● How to complete this task
Give an exact reproduction of the lines from the one with "泛腾 fomtalk 对讲机 Max8000P" to the final line of the entries below, both ends included, and omit the pictures.

● Available records
----

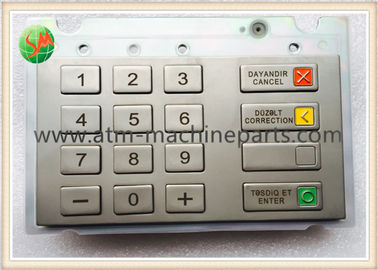 Các bộ phận ATM EPP Wincor Nixdorf Bàn phím EPPV6 01750159544 Azerbaidzhan
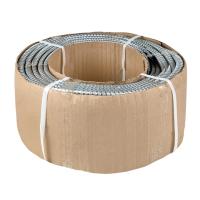 купить Металлорукав 12мм сталь IP00 Р3-ЦХ с протяжкой EKF 100м в Тольятти Металлорукав 12мм сталь IP00 Р3-ЦХ с протяжкой EKF 100м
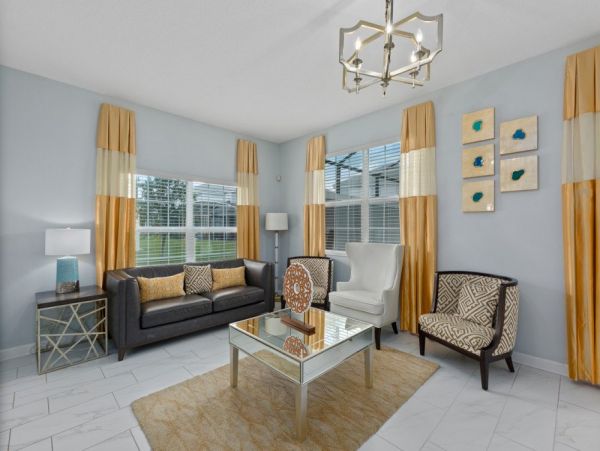 Orlando Home 977472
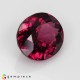 rhodolite garnet image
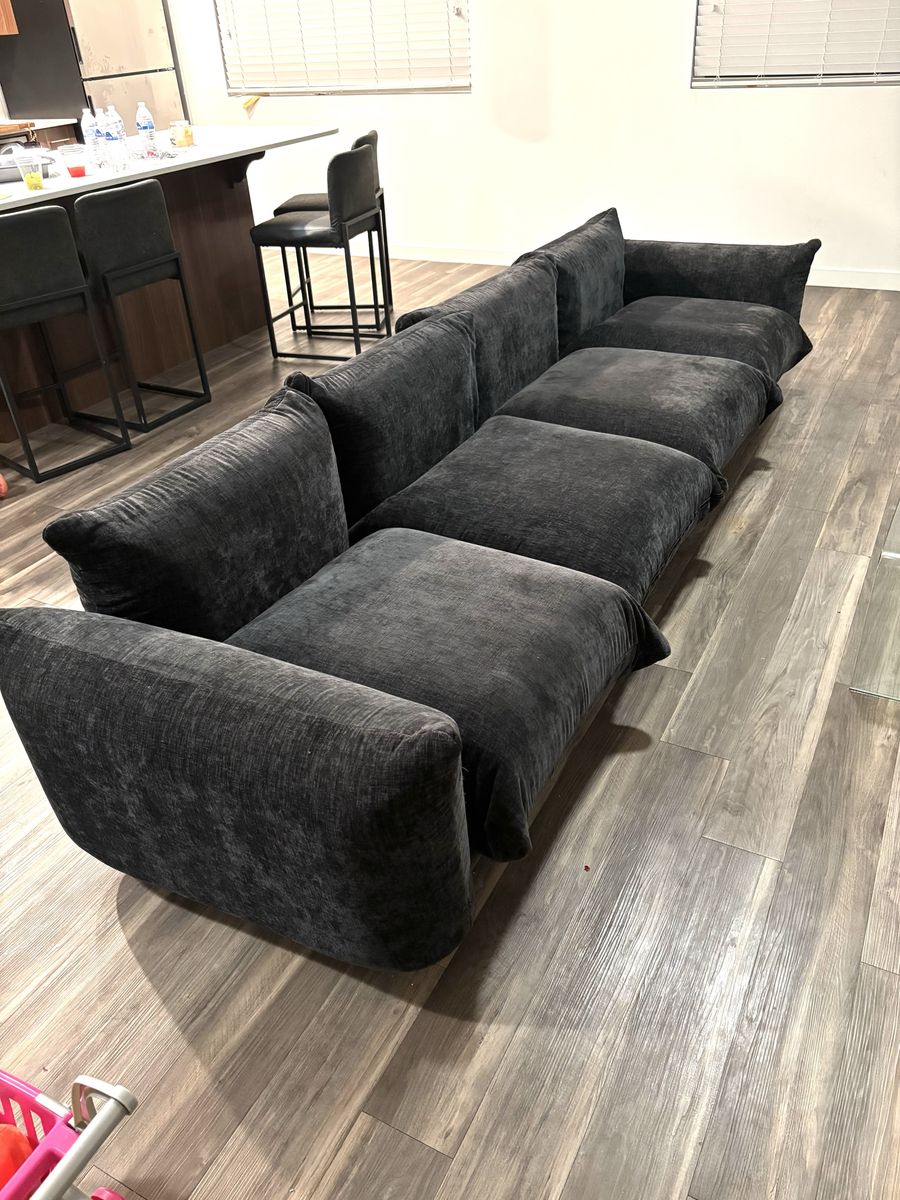 Modern Sectional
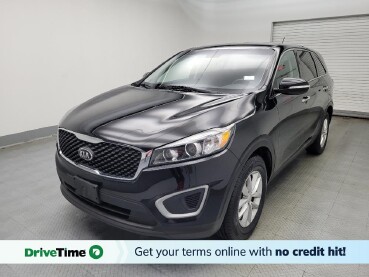 2018 Kia Sorento in Midlothian, IL 60445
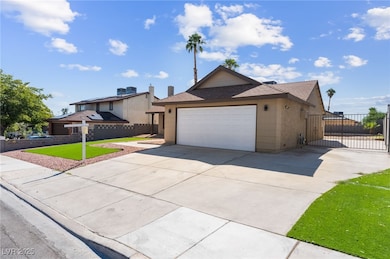 5117 Arbor Way, Las Vegas, NV 89107 - photo 2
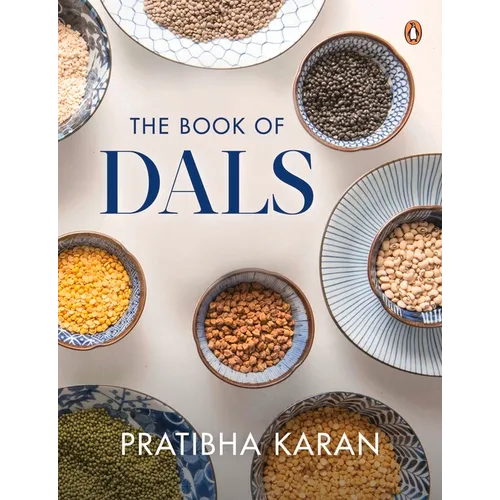 The Book of Dals - Hardcover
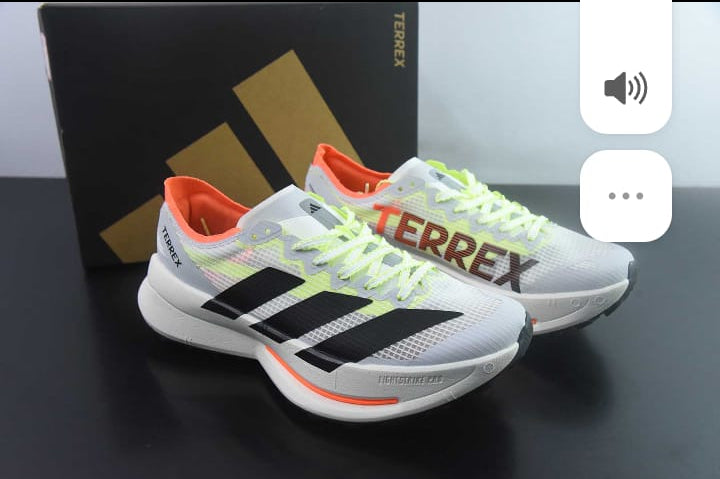 Tenis Agravic 4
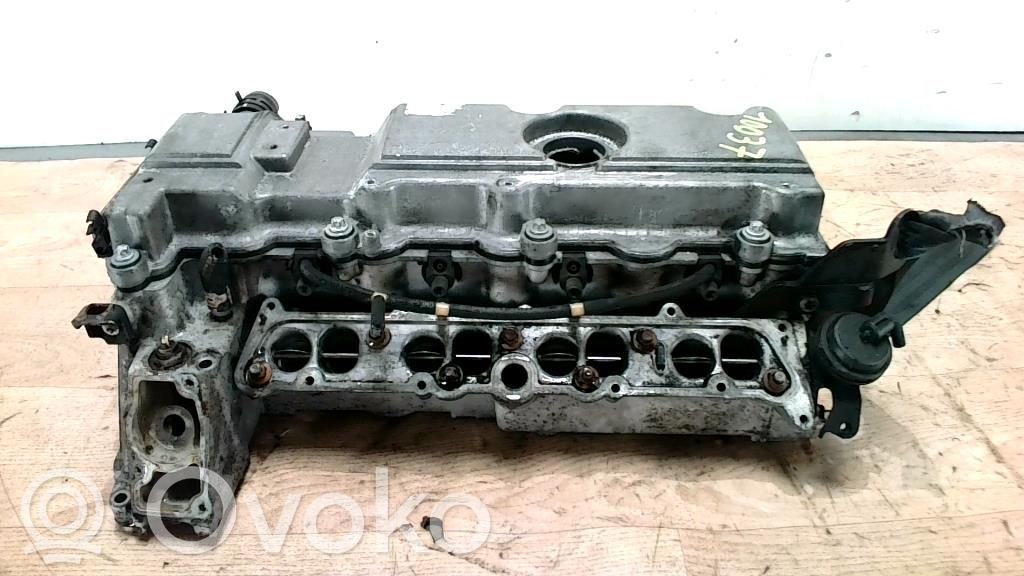Opel Zafira A Engine head 
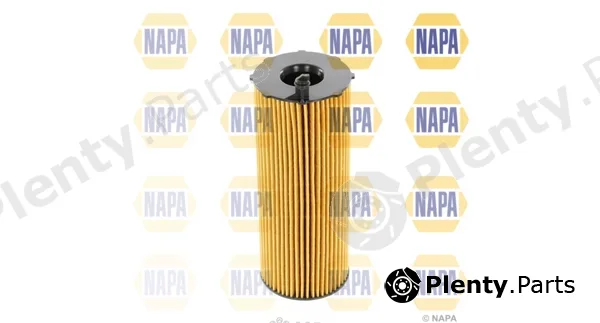 Napa NFO3182 — Oil Filter NAPA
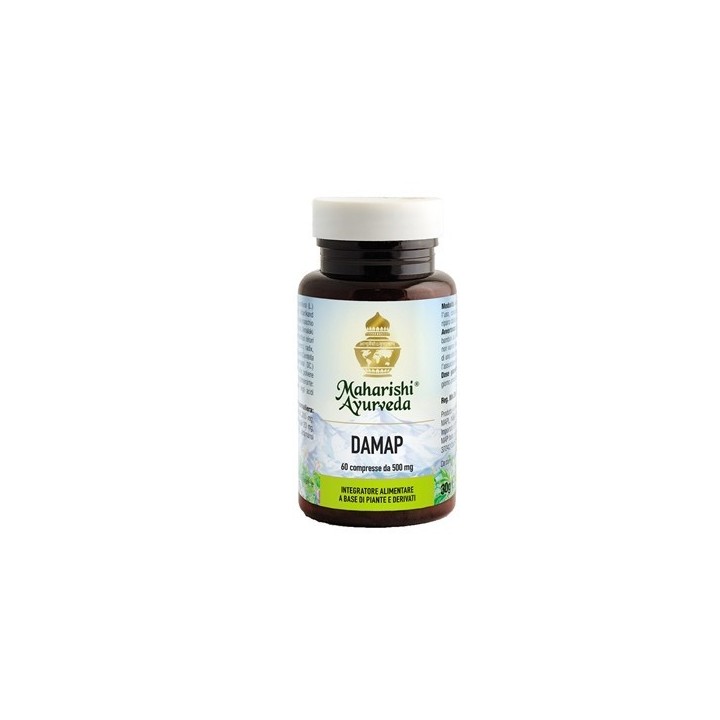 Damap 60 compresse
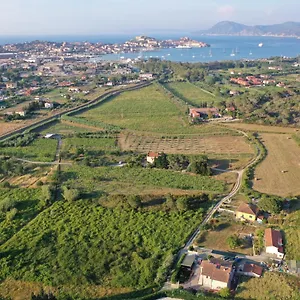 Casa Gianfranca Portoferraio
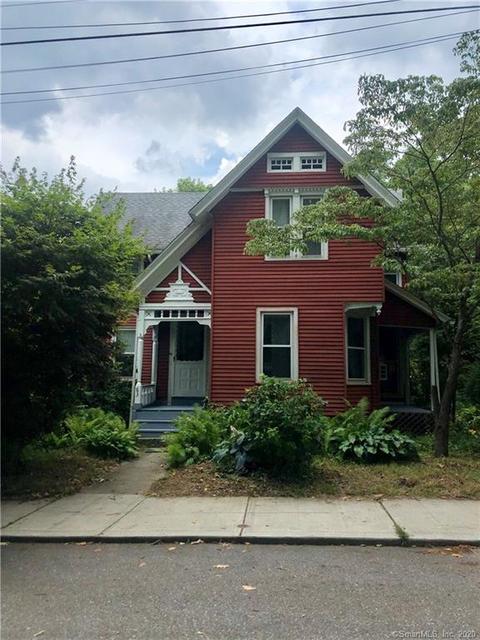 63 Oak St, Windham, CT 06226 photo 1
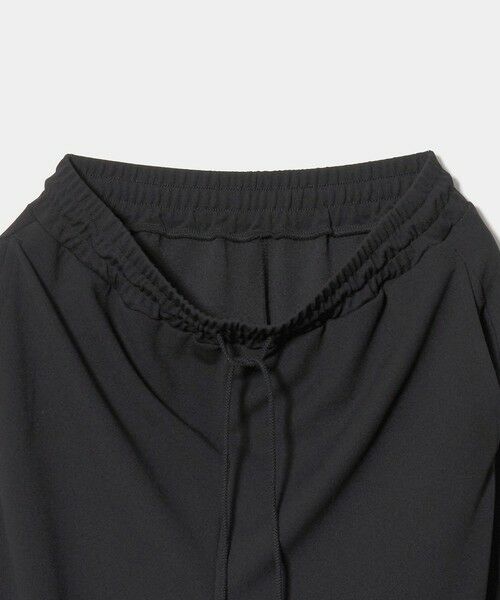 BEAUTY&YOUTH UNITED ARROWS / ビューティー&ユース ユナイテッドアローズ その他パンツ | 【WEB限定】ジャージー ドローコードイージーパンツ ウォッシャブル | 詳細2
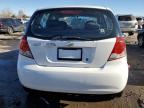 2007 Chevrolet Aveo Base na sprzedaż w Littleton, CO - Front End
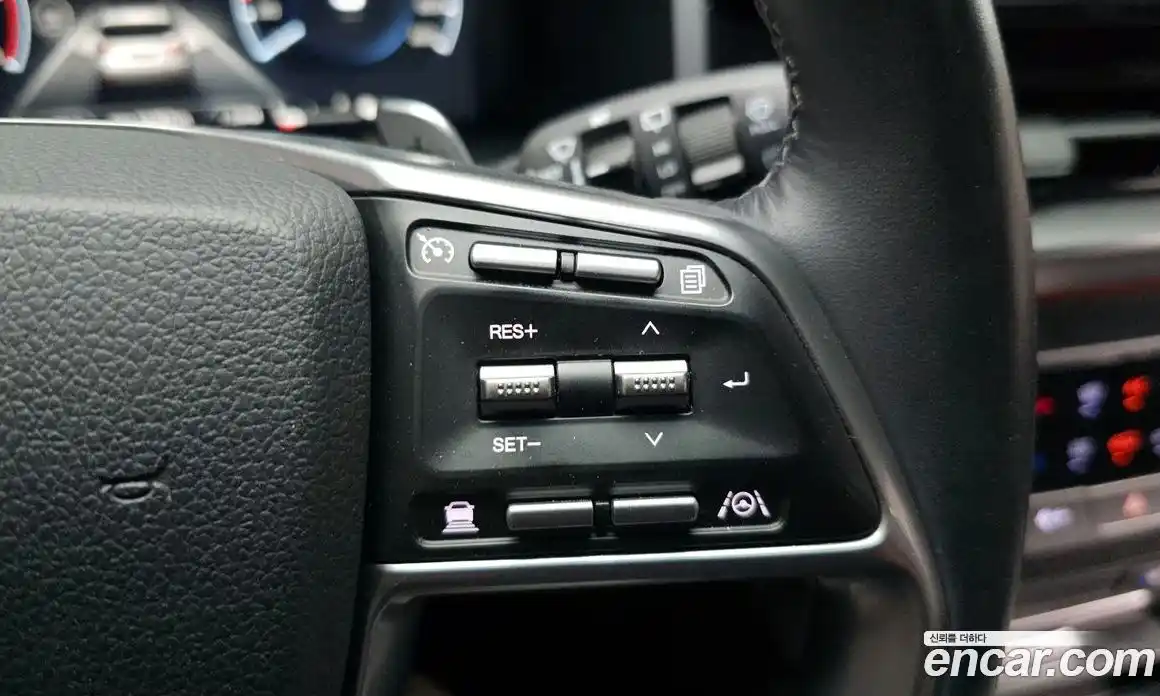 SsangYong Rexton 2023 2.2 автомат (гидро), фото 35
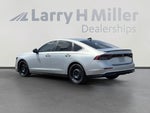 2024 Accord Hybrid Thumbnail 3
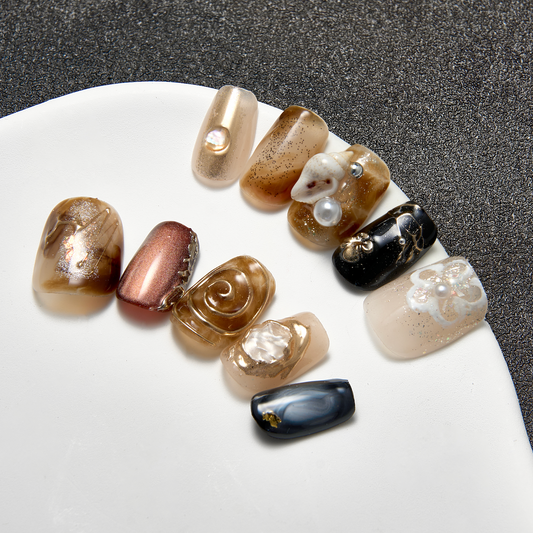 Renaissance Glaze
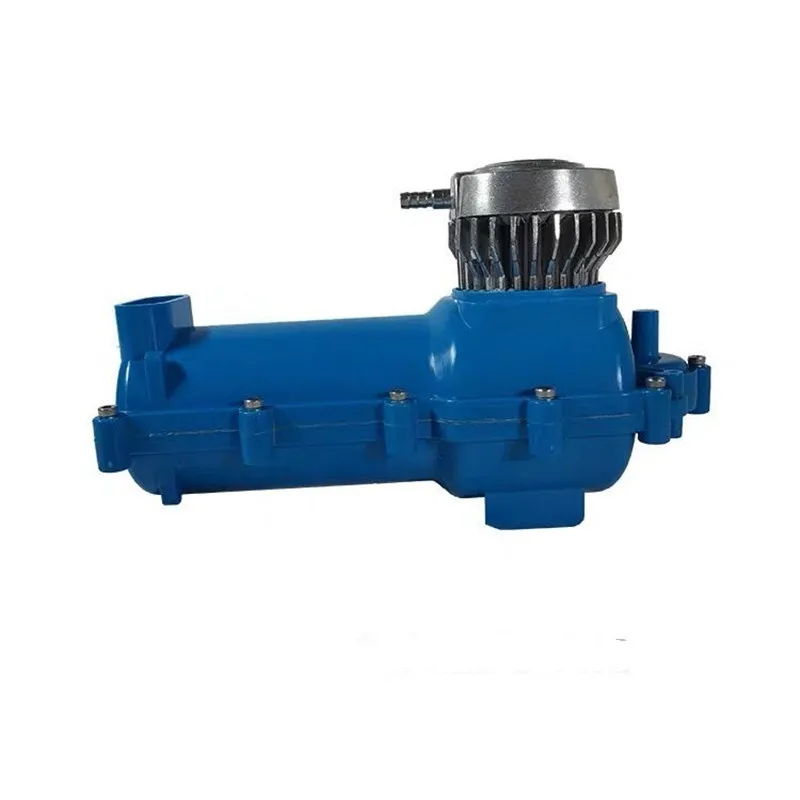 

Портативный воздушный компрессор для подводного плавания 12 В, дышащий воздушный насос для кальяна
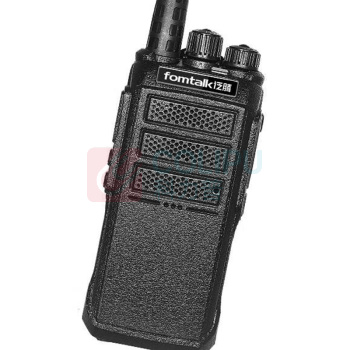 泛腾 fomtalk 对讲机 Max8000P
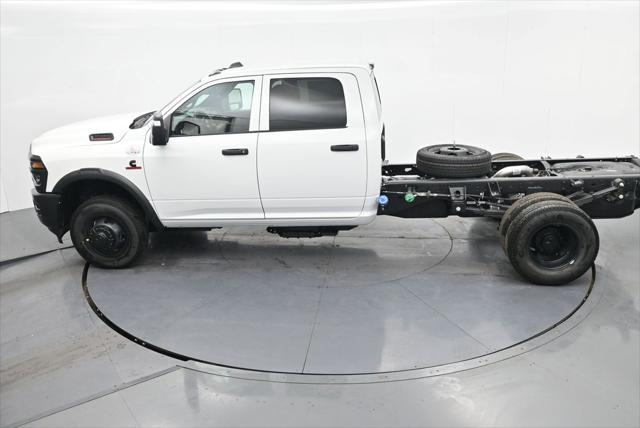 2026 Ram 3500 Tradesman/Big Horn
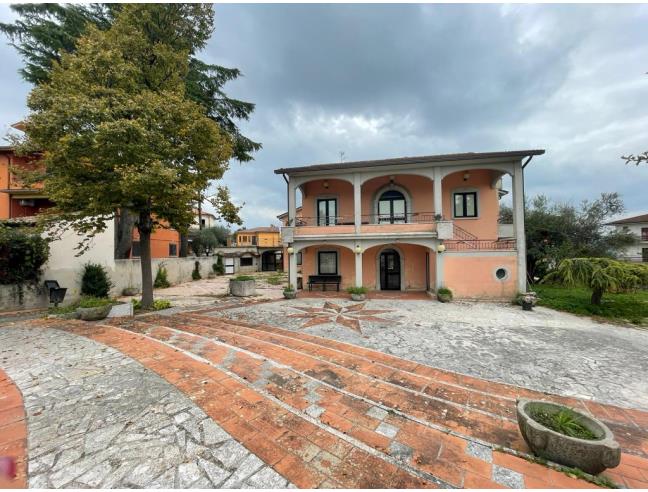 Anteprima foto 1 - Villa in Vendita a Villamaina (Avellino)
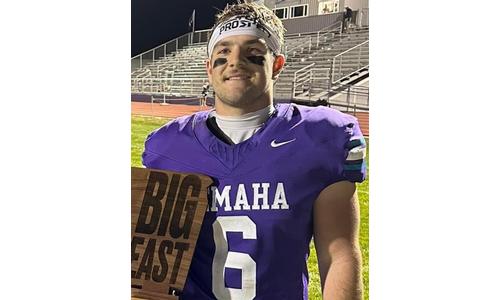 Big East Football All-League Selections for 2024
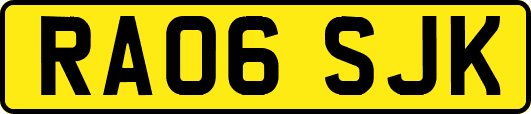 RA06SJK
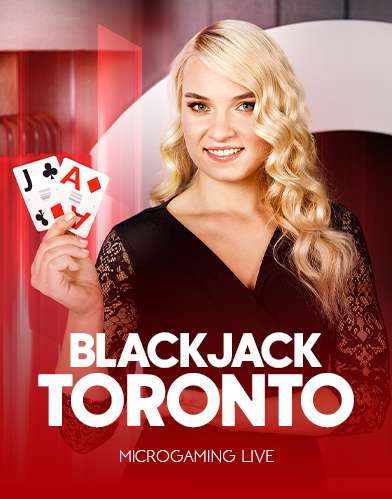 Blackjack Toronto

----

● Worked solution
 泛腾 fomtalk 对讲机 Max8000P
 2026 Ram 3500 Tradesman/Big Horn
 Anteprima foto 1 - Villa in Vendita a Villamaina (Avellino)
 Big East Football All-League Selections for 2024
 RA06SJK
 Blackjack Toronto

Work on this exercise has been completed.